I suffer from two horrifying and reinforcing afflictions; I’m and engineer and an information scientist. I have no hope of ever being able to interact in any reasonable way with normal humans; though I can occasionally fake it for short periods of time. That doesn’t make us, normal or engineer, any less interesting. The processing element we call the human brain is very interesting!
Over the last several months I’ve been learning about neural network technology. I’m still very low on the learning curve. In essence though at least one form of neural network creates its output by solving a mathematical equation. This is in contrast to a more typical computer program that creates its output by executing a sequence to steps; an algorithm. The magic in a neural network is the set of coefficients in the equation. These coefficients are derived, via a complex process, from training data; a set of examples of the form “when you see an input that looks like that then the output should be this.” Given a large enough training set, the equation becomes more likely to produce a correct answer even for inputs that it hasn’t been trained for, but only if the inputs are relatively “near” those used by the training data. Sufficiently obscure inputs will still produce hogwash. The remedy for this is to include training data that includes these more obscure inputs. Note that a neural network can’t “unlearn” anything. All you can do is reinforce correct responses at the expense of other responses. Doing so may unfortunately make more main stream responses slightly less likely to be correct. Fortunately, for artificial neural networks, there are ways to compensate for this by adjusting the architecture of the network1.
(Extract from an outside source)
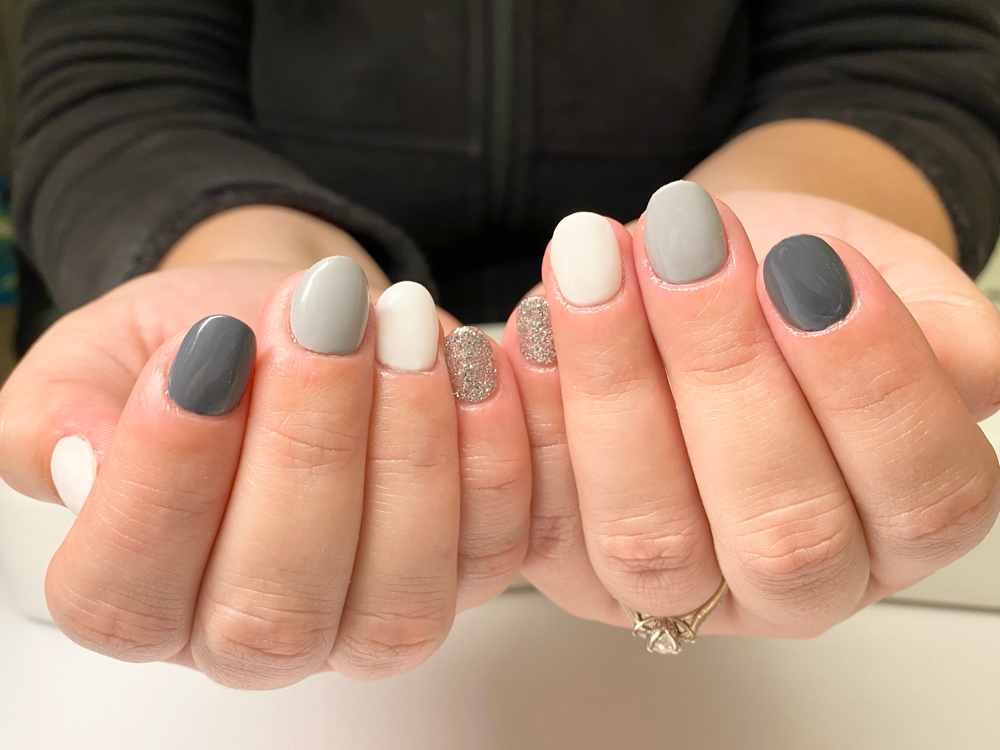 Gel Manicure (No Art/Simple Art)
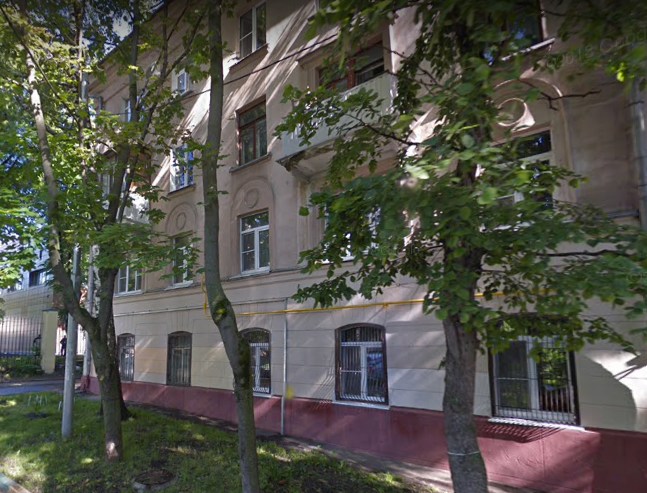 6. 6. 14-я парковая ул. ул. г москва ул 14-я парковая.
The same is true with humans. In our element we get it right most of the time. At least we behave consistently and in alignment with expectations in that particular space. Outside of our zone of familiarity god-only-knows what nonsense we’ll conjure up. The remedy for this is to increase the size of “our element” by increasing the variety of our experiences. The downside is that human architecture is fixed; the more we expand our experience the less likely we are to be in alignment with where we started. Sometimes we’re lucky and where we started adapts to us at least in a limited fashion, but this is not usually the case. This is likely at the root of the aphorism, “You can never go home.” In the extreme this creates an interesting paradox. The universe is very large and complex. Humans are fixed, finite processing elements. If we were to maximize our “training set”, then it’s likely we would be increasingly out-of-touch with any specific circumstance we might find ourselves in. We would likely be much closer to universal “truth” and much less able to apply it in any meaningful way.
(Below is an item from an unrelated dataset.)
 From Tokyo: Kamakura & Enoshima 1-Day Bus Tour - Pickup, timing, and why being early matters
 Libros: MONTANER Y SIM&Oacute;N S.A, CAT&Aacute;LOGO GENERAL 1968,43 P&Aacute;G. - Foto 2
Where does this leave us? The easy and obvious observation is that we’re all victims and beneficiaries of our experience. We are more robust when our range of experiences enables us to be effective in the range of circumstances we’re likely to find ourselves in. We’re at risk, and we feel fear, when we find ourselves in circumstances we’re not equipped for. There are a ton of places that you can take this, such as: How much diversity do you need for the life you’re likely to have? What is the value of education (indirect transitive experience) vs. direct experience? How should you “plot the course” of your experiences into the future?
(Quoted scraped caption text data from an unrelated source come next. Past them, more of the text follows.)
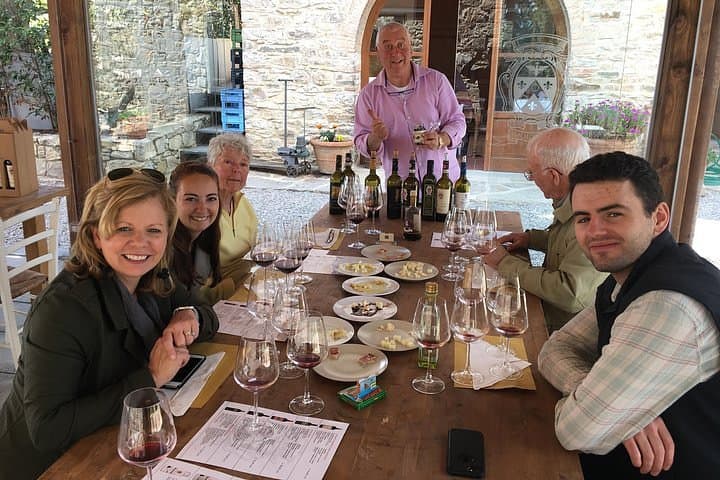 Private Half Day Tour Chianti Classico Wine Experience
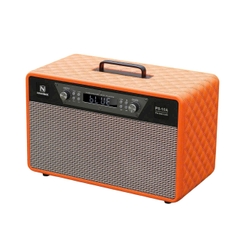 Loa Di Động Nanomax PS-16A, 650w, 2 bass 16cm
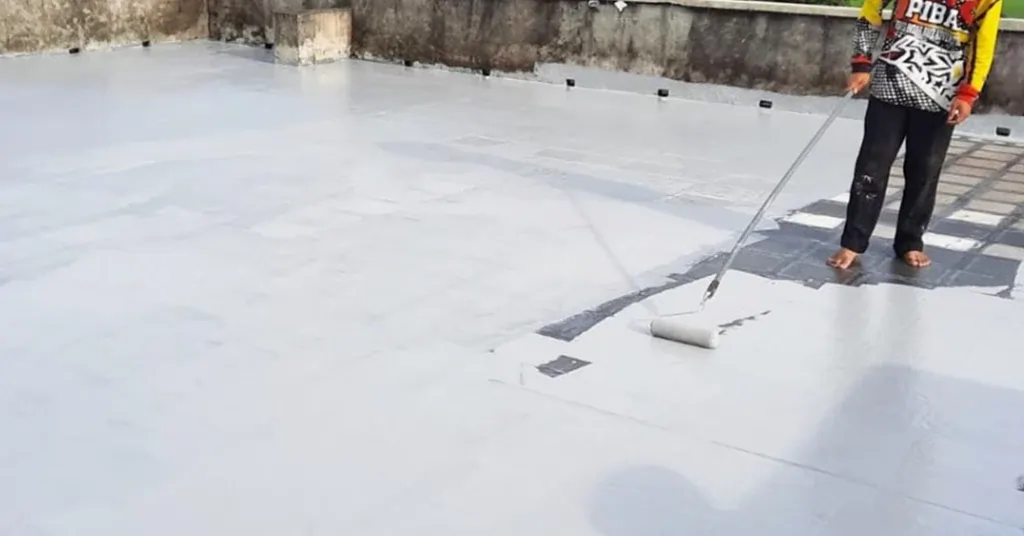 Cara Mengira Harga Upah Waterproofing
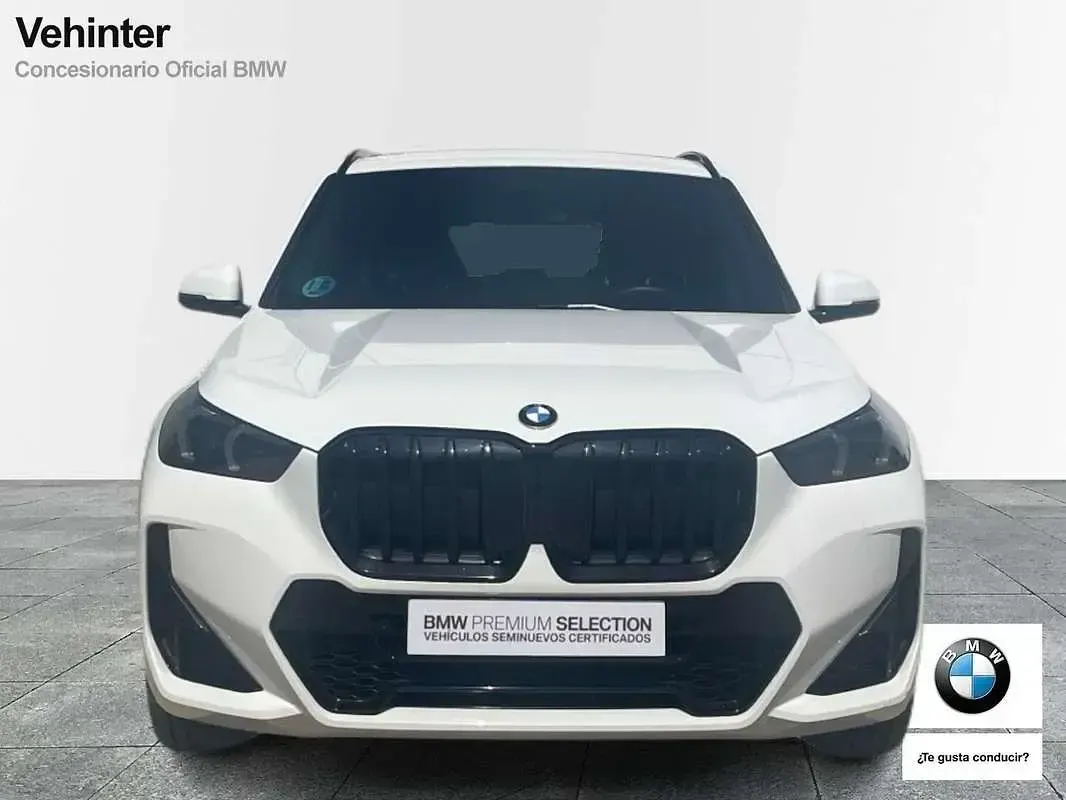 Usado BMW X1 163 CV (119 kW) 2025 Blanco SUV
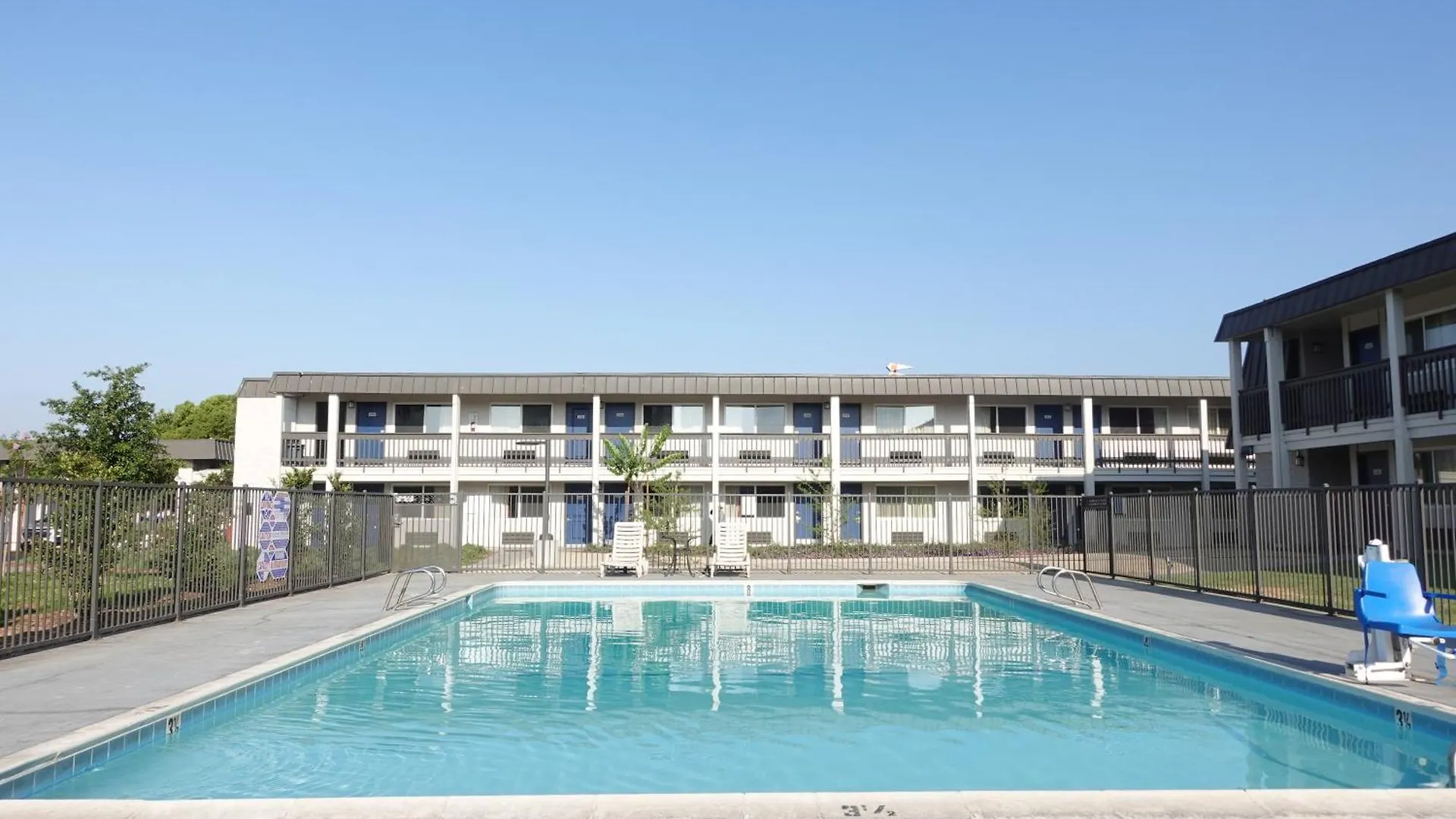 ** Hotel Motel 6-Claremont, Ca Estados Unidos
I’ve rambled too long on this. Suffice it to say that this helps me to better understand and appreciate the technology induced and enabled stresses2 on our society today. We’re forcing experiences on people that they are ill-equipped to deal with. In hindsight, I’d bet the outcome of this circumstance will have been obvious3. Human society has a “hull speed” and in our rush to democratize we’ve exceeded it. Everyone should benefit from our advances, but it appears that timing and rate may critical.